For Philippou, who said that she felt a little scared by the challenge of bonding with a disabled child, that was certainly true.

“I was really scared at first by the challenge and responsibility, but I learned that things that scare me always make me stronger,” she said.

“I went into the class wanting to see what it was like to step outside myself, and I found that it was the most beneficial class I've taken in the entire four years I've been at UD. That's because it gives you a different perspective and teaches you to appreciate the things that you have.”

Now hoping to apply what she learned in Goodwin's course to her career, Philippou is researching a three-month position teaching art and English in a Nepalese orphanage after graduation. Art therapy also is an option further down the road, she said, as is working for the United Nations Children's Fund agency (UNICEF) as a graphic designer.

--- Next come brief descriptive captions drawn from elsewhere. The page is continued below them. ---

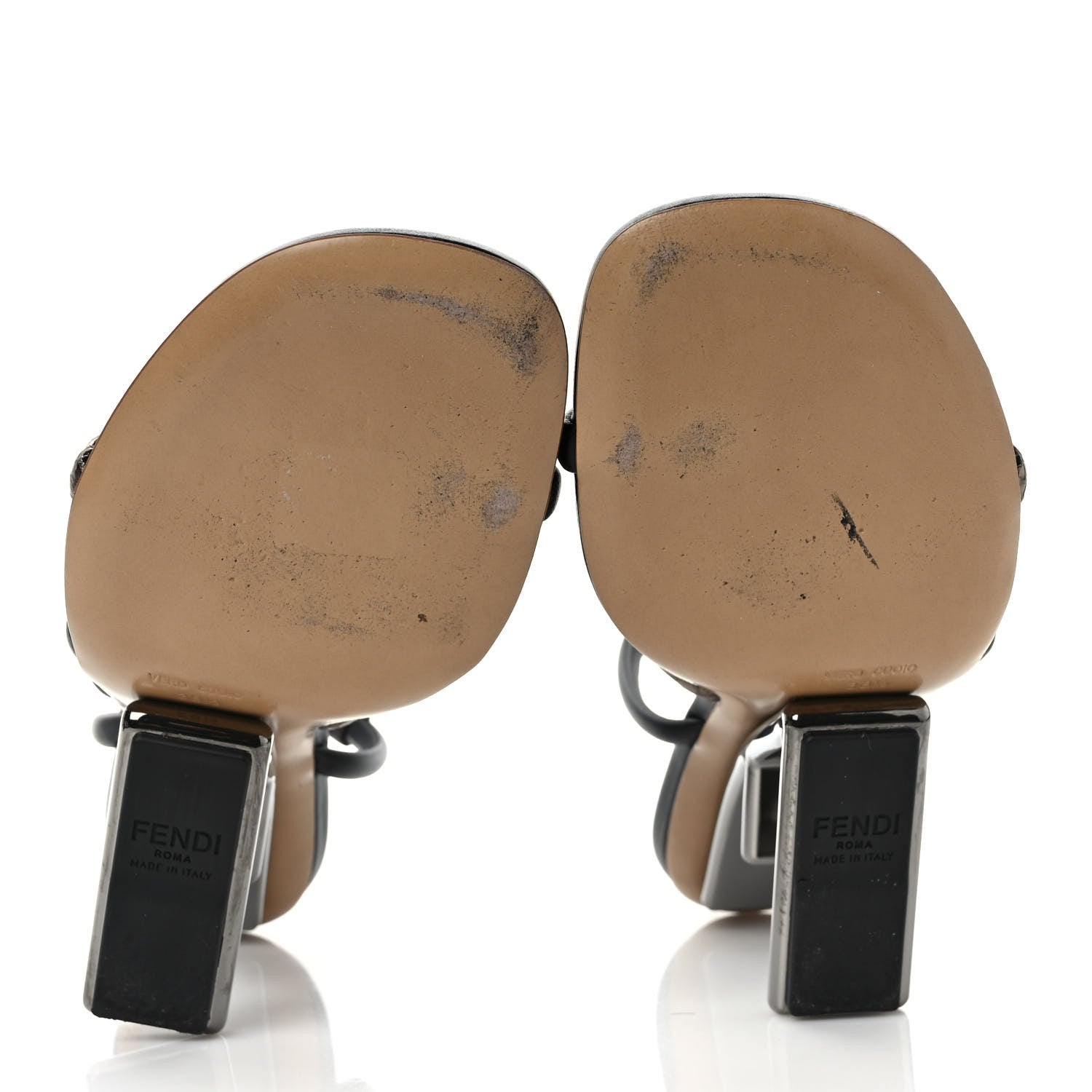 Fendi Nappa Metallic Ayers Fendi First 95mm Strappy Sandals 38.5 Black Chocolate Stagno 5 of 8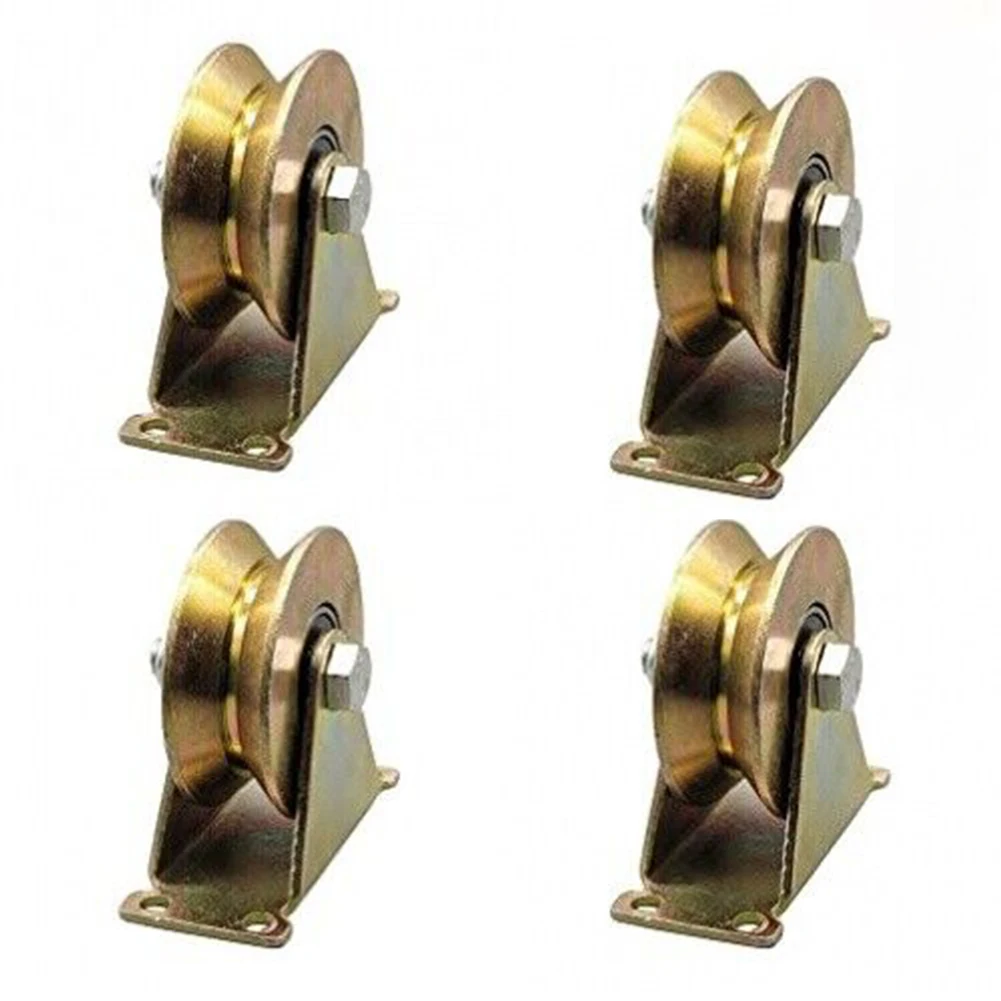 4pcs Steel Wheel V-shaped Groove Wheel Sliding Door Heavy Duty Rigid Caster For Inverted Track Sliding Gate Pulley Rollers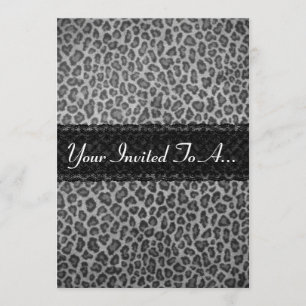 Trendy Grey Leopard Print Bachelorette Party Kaart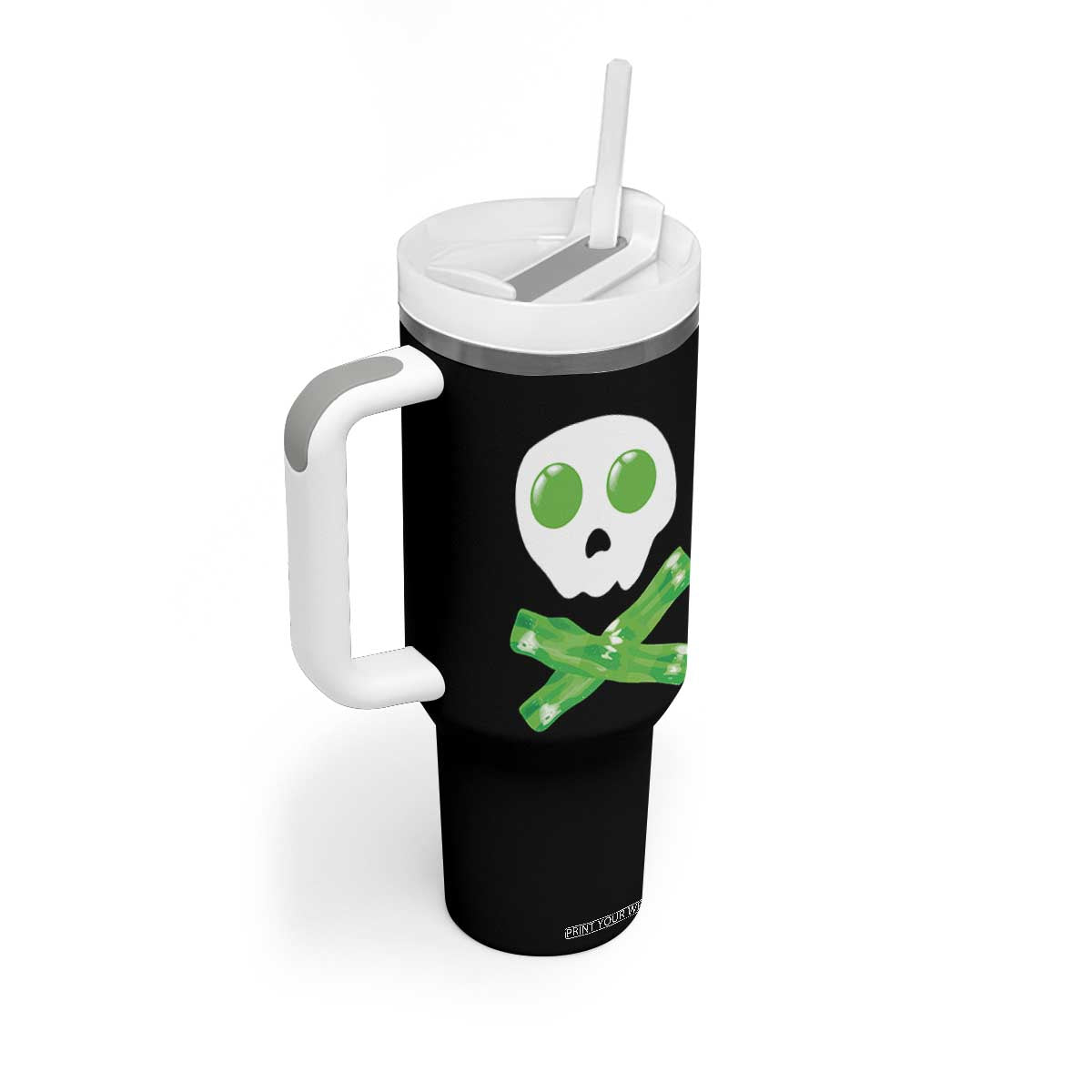 Funny St Patricks Day Tumbler With Handle Bacon & Eggs Skull & Crossbones TS10 Print Your Wear
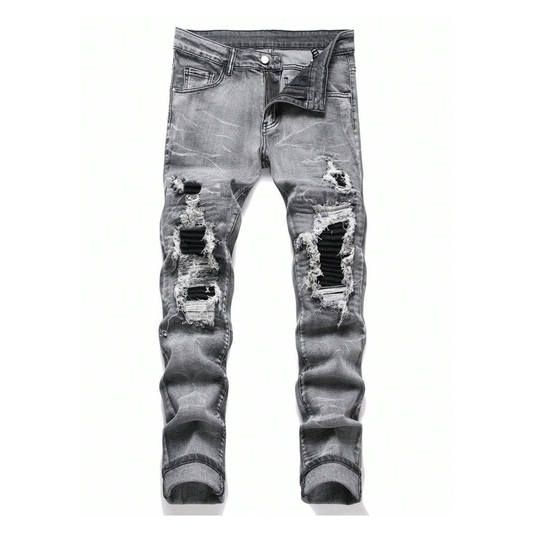 Black Patch Grey Jeans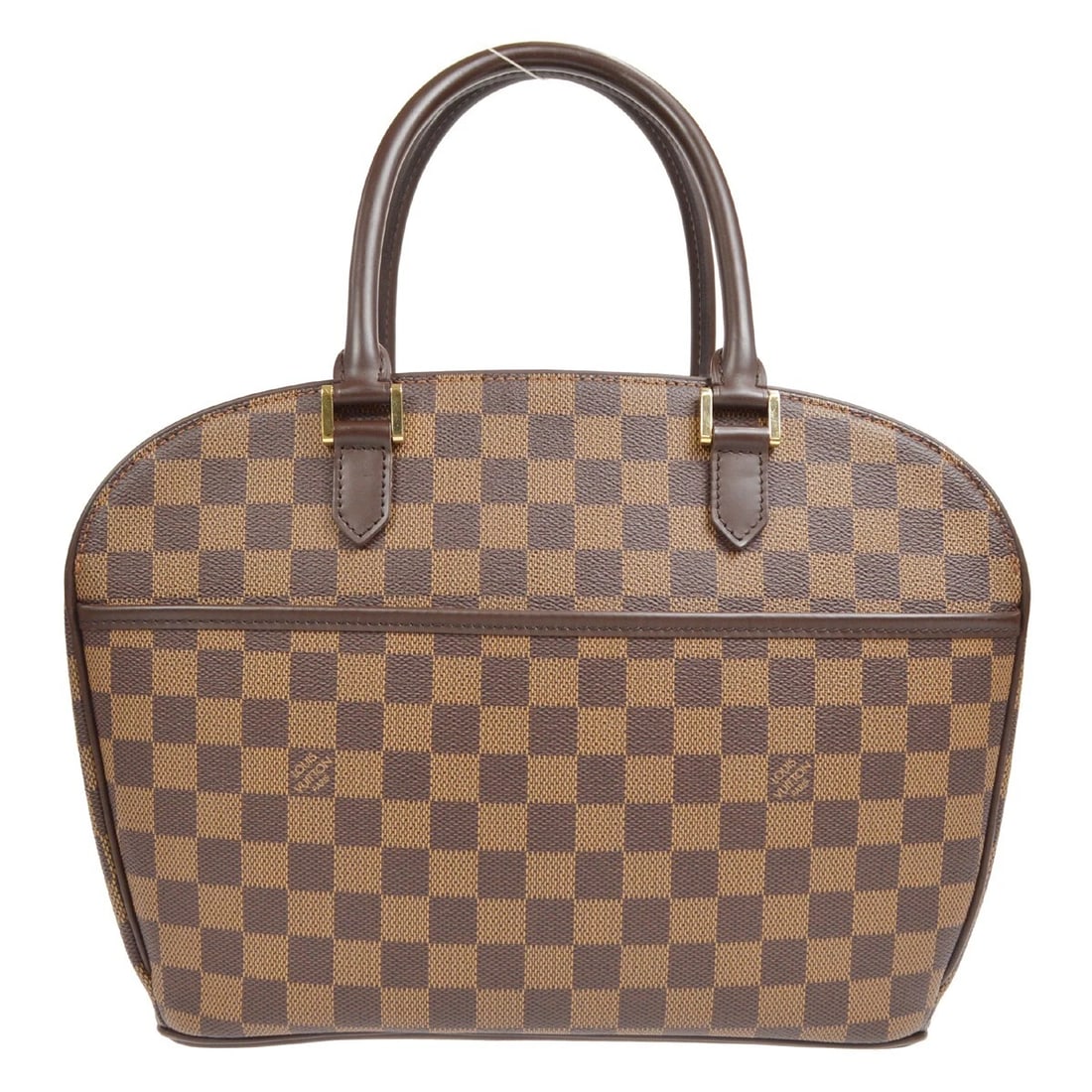 LOUIS VUITTON DAMIER SARRIA HORIZONTAL HANDBAG: Louis Vuitton Damier Sarria Horizontal Handbag Brand: Louis Vuitton Type/Style: Hand Bag Material: Damier Canvas, Leather Color: Brown Size: W 11.8 x H 9.8 x D 3.5 inch Accessories: None A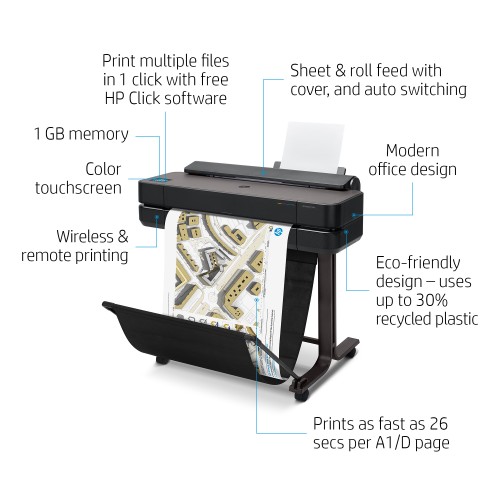 HP Designjet  T650 A0 36" 4 Colour CAD & General Purpose Printer 5HB10A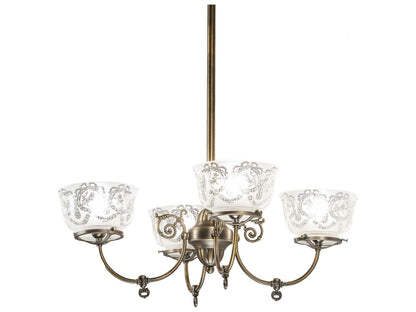 Meyda Revival Gas And Electric 4-Light Antique Brass Chandelier with Glass Bell Shades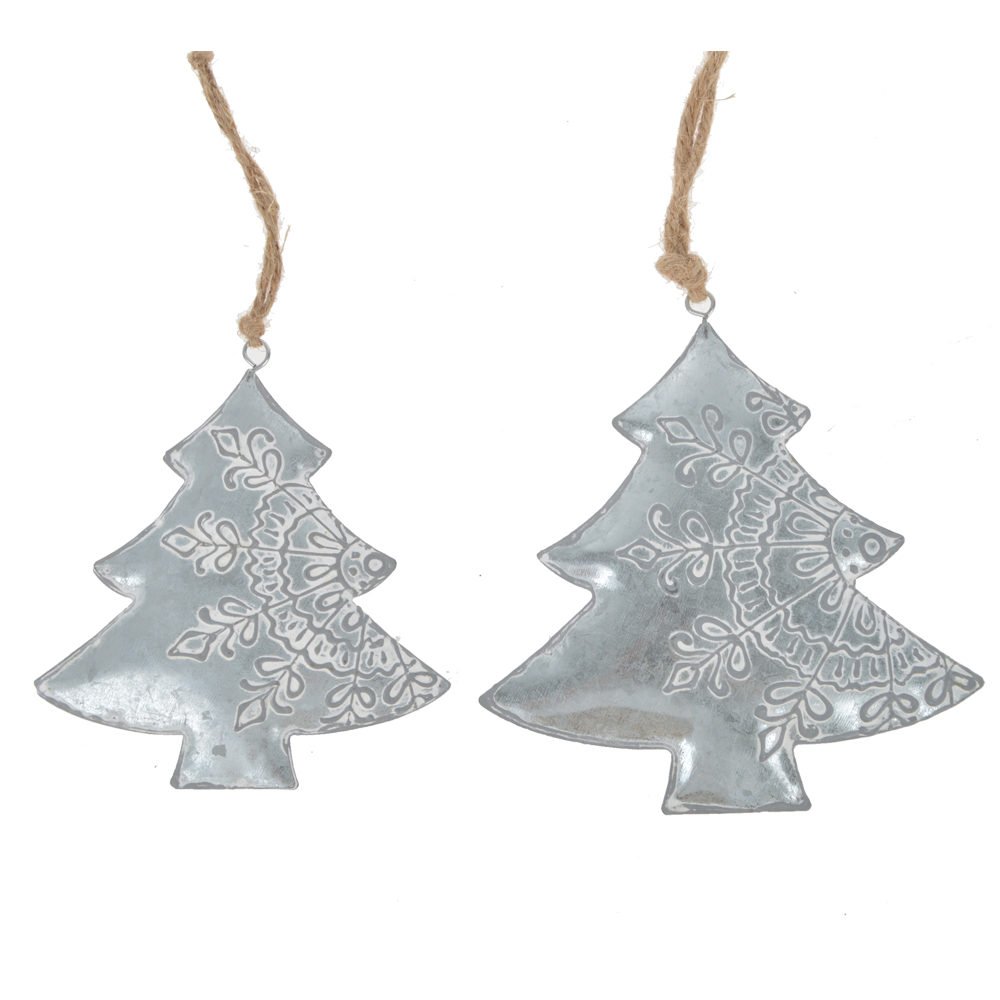Colgantes navideños de metal plateado con forma de corazón y estrella para árbol, ideales para decorar fiestas de Año Nuevo. 3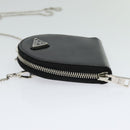 PRADA Chain Shoulder Bag Leather Black Auth EC795V-3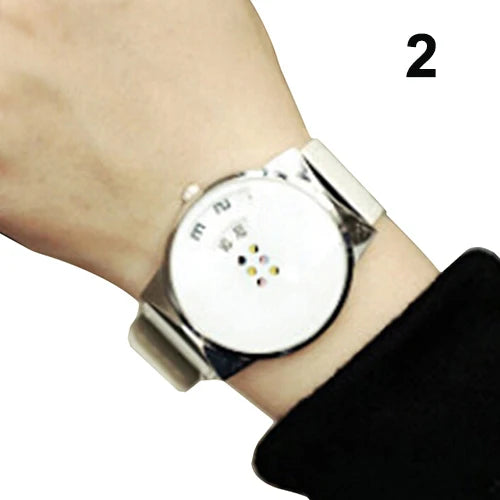 New Fashion Sport White Watches Men Ceative Dial Moveable Digital Watch Leather Band Quartz Wristwatches Men Relogio Masculino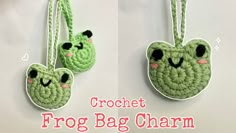 crochet frog bag charm with two faces hanging from it's sides and the text crochet frog bag charm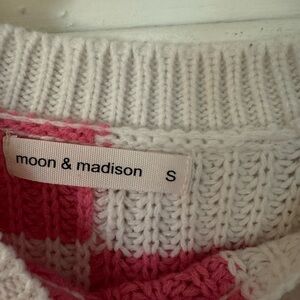 Moon & Madison Pink and White Cowl Neck Sweater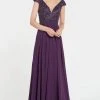 Alyce Paris - 27246 V-neck Empire Waist Chiffon A-line Dress 1 Pc Deep Claret In Size 4 Available Formal Gowns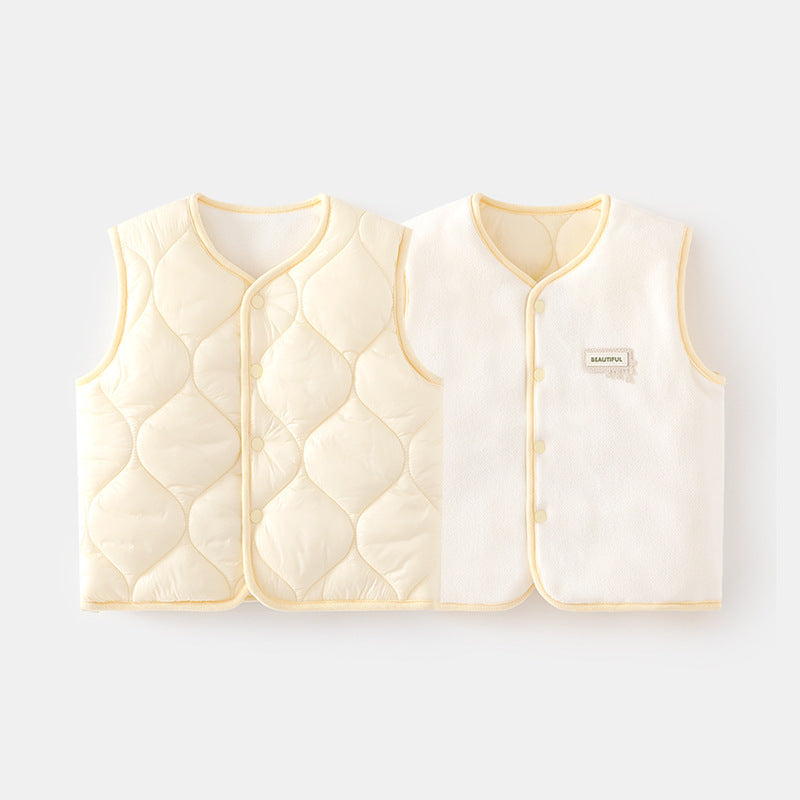 Babylon baby vest belly vest baby reversible autumn and winter style quilted kids vest vest imitation down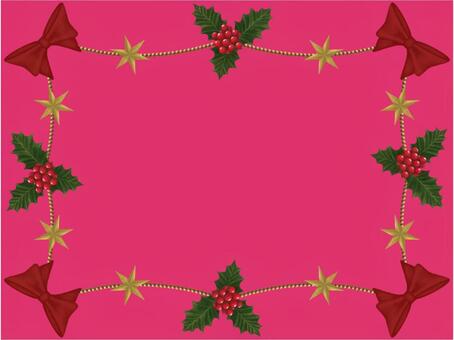 クリスマスのフレーム　縦横両用　ビビット クリスマス,フレーム,ヒイラギ,リボン,六角星,星,ビビット,冬のイラスト素材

“I miss home too much to stay in America, even though there are more job opportunities over here,” Philippou said, “and there is a branch of UNICEF in Cyprus that might be hiring. But where I go to work after graduation really will depend on the need. I want to work in a place that has suffered, because I think that creating bonds with others--especially others who have special needs--is the most challenging and important work I can do.”